2. **Command check** — every shell command in the user guides exists as a real script under `scripts/` or a real `vigilar` CLI subcommand.
3. **Grounding check** — every topic name, table name, file path, and endpoint is verified against code, or omitted. Nothing guessed.
4. **TOML coverage check** — every `[section]` in `config/vigilar.toml` is covered in the operator guide's configuration reference.
5. **Subsystem coverage check** — every subdirectory in `vigilar/` (matching the 12-file list) has a corresponding subsystem doc.
6. **Read-through pass** — tone and terminology consistent across all files.
7. **README link check** — all doc tree links in `README.md` resolve.
## 11. Out of scope (explicit)
- `LICENSE` file creation (the README declares GPL-3.0; creating the file is a separate request).
- Screenshot/image creation (placeholders only).
- MkDocs configuration.
- Any code changes.
- Any changes to `docs/camera-hardware-guide.md`.
- Any doc-linting CI.
- Recording-backup-to-NAS feature or docs beyond the "planned" note.
- Migration documentation beyond noting whether migrations exist.
## 12. Success criteria
- A new homeowner can go from a bare mini PC to working cameras on their phone using only `README.md` + `docs/home-user-guide.md`.

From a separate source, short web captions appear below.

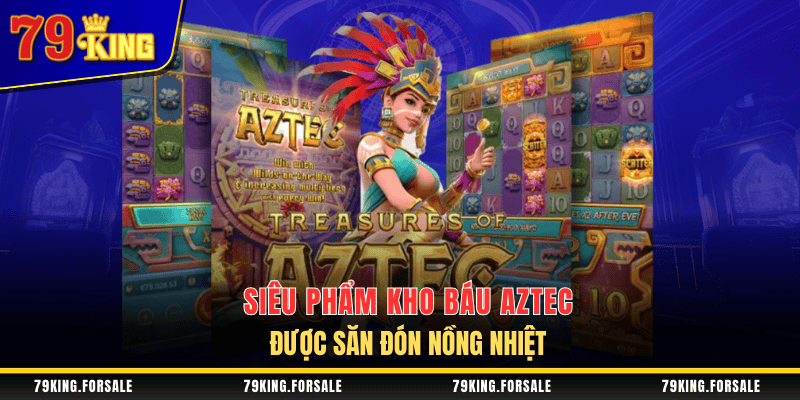 Jackpot nổ hũ của game Aztec siêu khủng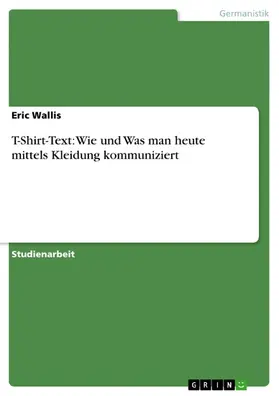 Wallis |  T-Shirt-Text: Wie und Was man heute mittels Kleidung kommuniziert | eBook | Sack Fachmedien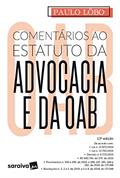 Ler Comentários ao Estatuto da Advocacia e da OAB - 13ª Edição 2020, do autor Paulo Lôbo Ler Comentários ao Estatuto da Advocacia e da OAB - 13ª Edição 2020, do autor Paulo Lôbo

- A self-hoster can answer any "how do I configure / back up / upgrade / troubleshoot" question from `docs/operator-guide.md` alone.
- A new contributor can identify which subsystem owns a given behavior within 5 minutes using `docs/architecture/overview.md` + the subsystem files.
- Every claim in every doc is either verified against current code or explicitly flagged.